# Do you prefer a plastic or wire dog crate?



## Jodysmom (Jan 9, 2010)

Do you prefer a wire or plastic (Petmate type) dog crate and why?


----------



## whiteleo (Sep 7, 2008)

I know my dogs prefer the plastic crates as they are more enclosed and they have privacy that way. 
My Leo came with a wire crate when I got him at 11 months old, he was so nervous in a crate period that I got rid of it immediately. He is much more comfortable in a plastic crate and they really easy to clean.


----------



## DaneMama (Jun 27, 2008)

Wire crates make so much noise....so annoying. Also hard to clean. BUT there is no hard plastic crate that is large enough for a Dane so I had to go with a wire one.


----------



## luvMyBRT (Mar 8, 2010)

I prefer the plastic ones too. They are just easier to clean and put together. I too had a great dane sized wire crate and that thing was a pain. You practically had to be a magician to put the dang thing together and it started to rust.

So, if you can find a big enough plastic crate, I would go with that. :smile:


----------



## CorgiPaws (Mar 31, 2009)

Well, I will be the first.. I prefer the wire ones, and so do my dogs. They aren't loud, you just have to know the tricks! Zailey's huge Dane-sized crate is pretty big, and it was easy to put it together... but did take two people. I put an old towel between the tray and the bottom to eliminate noise.

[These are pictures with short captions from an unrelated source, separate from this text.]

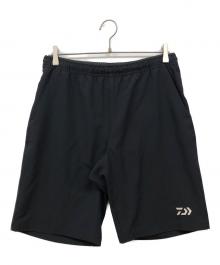 DAIWA（ダイワ）の古着「クールハーフパンツ」｜ブラック
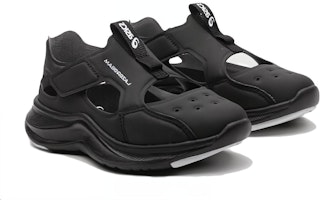 (JR) Sandal ASICS LAZERBEAM XA 'Hitam' 1154A162-001 Order (JR) Sandal ASICS LAZERBEAM XA 'Hitam' 1154A162-001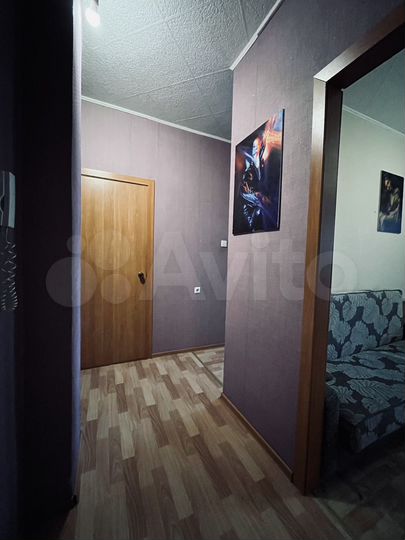 1-к. квартира, 42 м², 5/12 эт.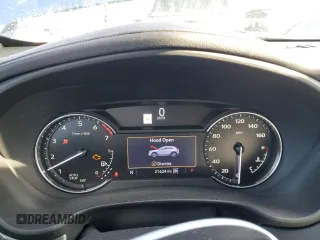 2023 Cadillac XT4 AWD Sport with VIN 1GYFZFR47PF139892, listed as a Copart auction lot 69779694 with 21,624 mi miles and Clean Title. Bid and sale history available at carsss.com. Image 9.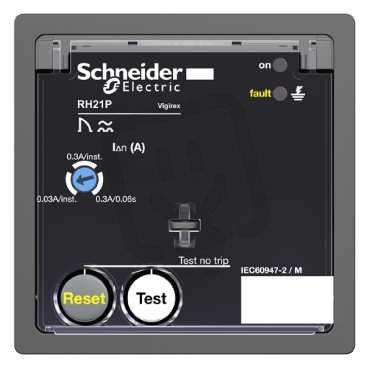 Schneider 56262 RH21P  110 až 130 V AC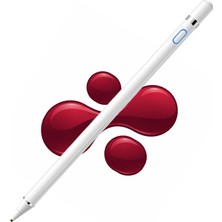 Sneezy Mi Pad Se 11 İnç Uyumlu Şarjlı Aktif Stylus Kalem Hassas Uç Not Alma & Çizim İçin
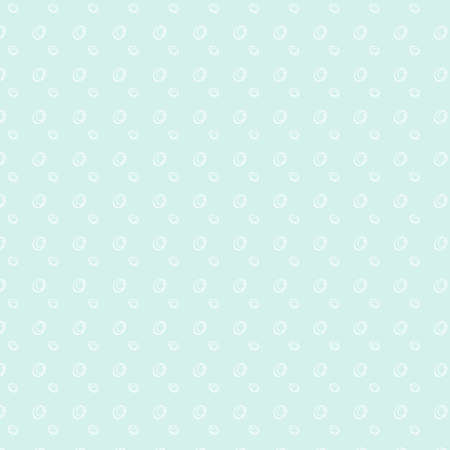 Seamless stylish hand drawn pattern. Vector illustrationのイラスト素材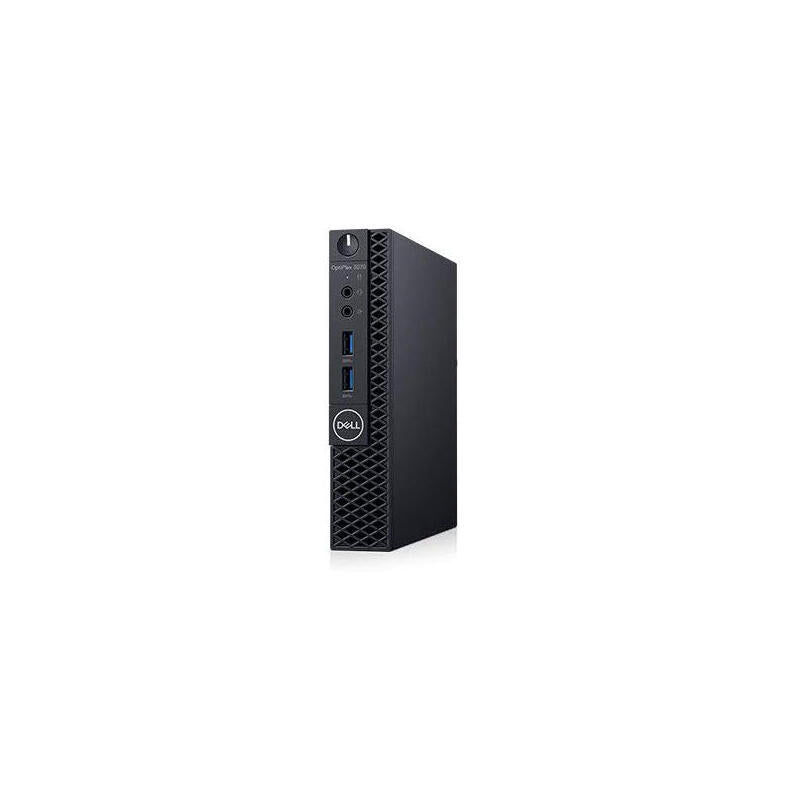 Pc Reacondicionado Dell Optiplex 3070 Mini Intel Pentium Gold G5400t 8gb 256gb Ssd W11pro Instalado 1 Año De Garantia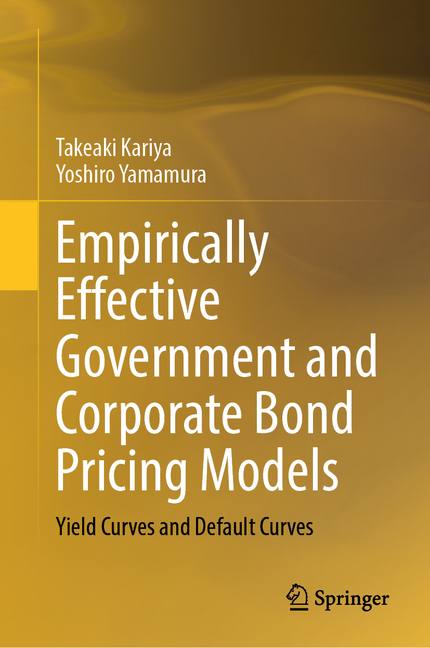 Empirically Effective Government and Corporate Bond Pricing Models: Yield Curves and Default Curves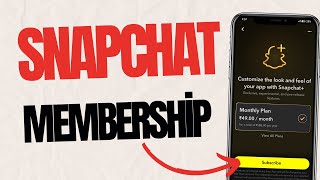 How to Buy Snapchat Plus Membership in 2024 A StepbyStep Guide [upl. by Chrisy]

Annnnd they look better in my apartment. lol


----------



## Mia (Oct 4, 2010)

Wire ones! They fold down and easy to put on top of the van!!! LOL. Esp when we go to Dock Dogs and they need to rest in between diving periods.


----------



## SpooOwner (Oct 1, 2010)

Like Corgi, I prefer the wire crate - I never thought of it as loud or hard to put together. Mine is a Midwest Crate, and it basically pops up. I prefer it because (1) it is adjustable as a puppy grows, (2) because it has two doors, it's easier to position in my house, and finally (3) Mia prefered the visibility.

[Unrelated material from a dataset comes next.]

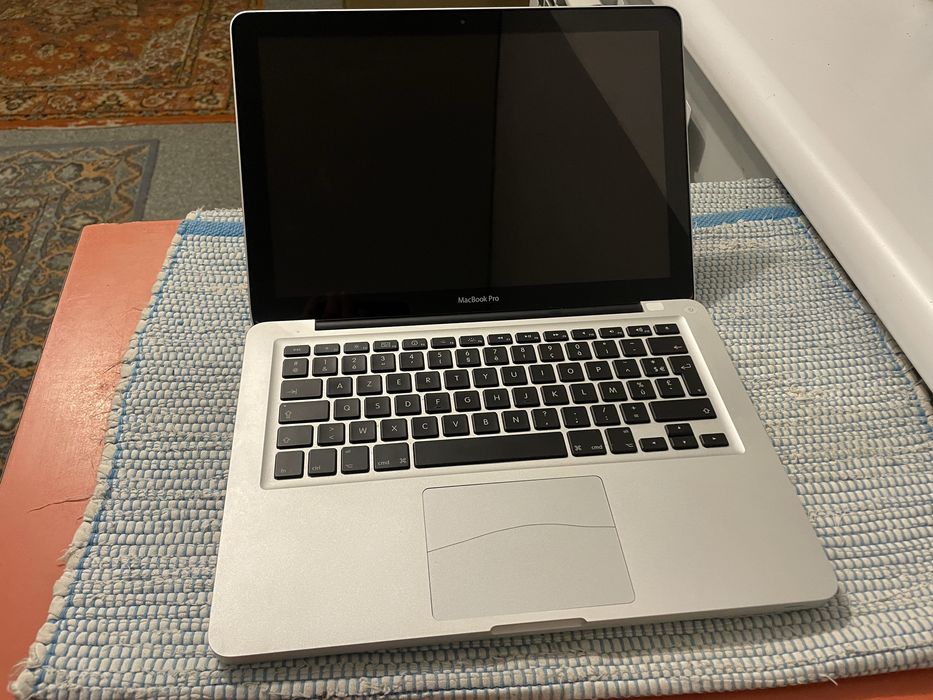 MacBook Pro A1278 2011, матрица, корпус, запчасти.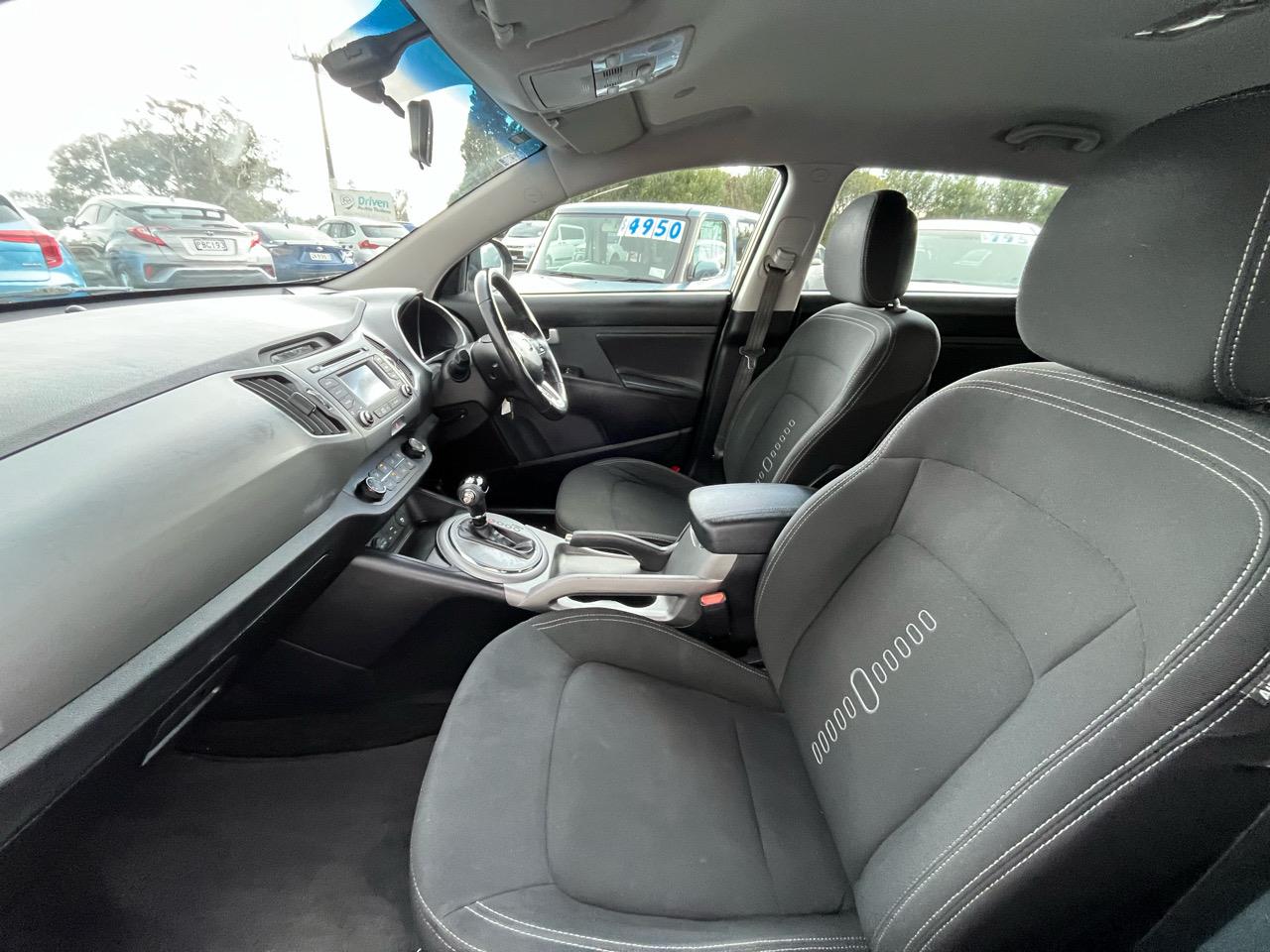 2015 Kia Sportage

Can someone answer this: do you need a plastic crate if competing in agility? I think some trainers and perhaps low level competitions will accept the collapsable travel crates, but otherwise you need a plastic crate.


----------



## Jodysmom (Jan 9, 2010)

Thanks so much for your input. 

I ended up buying a wire crate because I read that the plastic ones are a little warmer and stuffier in the summer. I'm not sure if that is true or not. Luckily, we keep Jody's crate in our family room/kitchen area and only crate her when we are gone so the noise shouldn't be a problem. 

But....I supposedly bought one that was easy to put up but it was harder than I expected. I am hoping I will get the hang of it. 

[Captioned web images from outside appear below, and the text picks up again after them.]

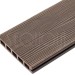 Доска террасная ДПК 3D SEQUOIA DUAL WOOD BROWN купить в Алапаевске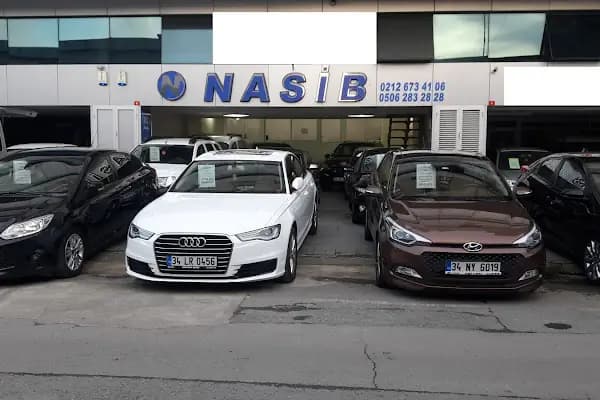 NASİB OTOMOTİV 2.EL ARAÇ ALIŞ-SATIŞI-OTOCENTER - Oto Galeri - İstanbul Bağcılar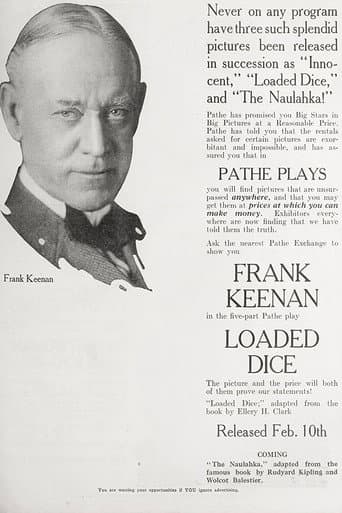 Loaded Dice poster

Jody is a rescued dog so she does have some fears so I think she would prefer a plastic type crate for privacy but I ended up just covering the wire crate with a blanket. 

I think she likes it because she usually hides out on a bed in our laundry room while we are downstairs but she chose to lay in her new crate in the same room as us. 

I am keeping the receipt just in case I don't like it.


----------



## Cliffdog (Dec 30, 2010)

Of the two, wire, but I would have an aluminum dog crate if I could afford one. I like them a lot better. But one for a dog Bonnie's size would be $700+.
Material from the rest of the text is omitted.